In 1968 I was divorced with a three year old child.  I started dating and soon after became pregnant.  Being unmarried and pregnant was not something you could be open about in the sixties, abortion wasn't either.  I was terrified.  I was sure my ex-husband would sue for sole custody of our child because I was an unfit mother - immoral.  My boy friend didn't want to become a father.  He told me he had a friend who worked for a pharmacist, who knew a doctor.  I felt totally alone, frightened and embarrassed.

I agreed to go.  We went to his office after hours and he gave me an injection.  I didn't know what it was, I didn't ask, I didn't want to know.  I returned the following evening for another injection.  The following day I went into labor, the pain was unbearable, so much worse than when I was delivering my child.  After about five or six hours I aborted...on the toilet...I remember screaming at the horror of what I had done.  Then I went numb - no feelings, nothing.

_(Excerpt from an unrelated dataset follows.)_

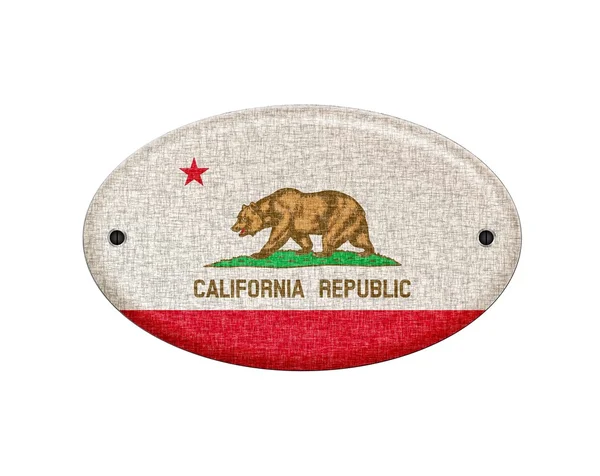 Wooden sign of California. — Stock Photo, Image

I bled for days and finally went to see my doctor.  I told him I had a miscarriage.  He asked if I had taken anything to abort...I said no.  He sent me to the hospital.  Being prepped for the D&C I was asked again did you take anything to abort.  I said no.  All of a sudden my abortion became my miscarriage and for over forty years I believed it.

A little over a year ago I was jolted into reality by a dream.  It was a nice dream until I realized something was missing...my baby.  I couldn't find her.  I couldn't remember where she was.  How could I have left her somewhere and not remembered?  My panic became overwhelming when I couldn't remember her name!

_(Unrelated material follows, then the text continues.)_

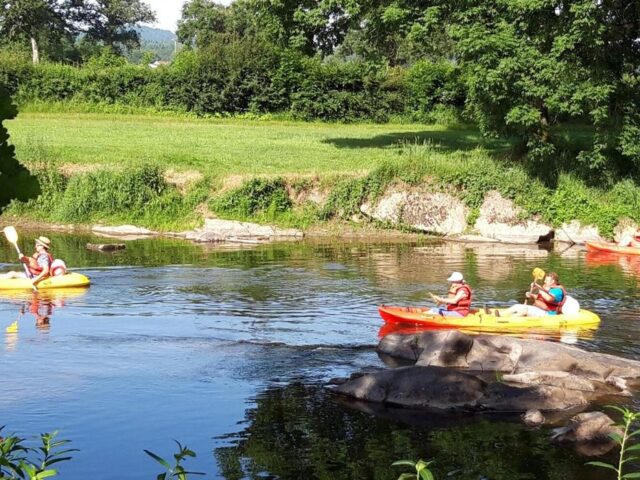 Location de canoë au camping des 2 Rives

When I woke I could not catch my breath.  I was screaming I killed my baby.  It took months before I could let myself face it again.  I started to pray.  I went to confession and was told "God has forgiven you, now you have to forgive yourself.”   I thought I could never do that.

A few weeks later at a church function, a woman (I didn't know her very well) asked me if I would like to go with her to a Silent No More meeting.  I thought "How could she know?"  It was at that meeting that I learned of Rachael's Vineyard Retreats.  I went on a weekend retreat which filled me with such hope that I was able to start my journey toward healing, forgiveness, and purpose.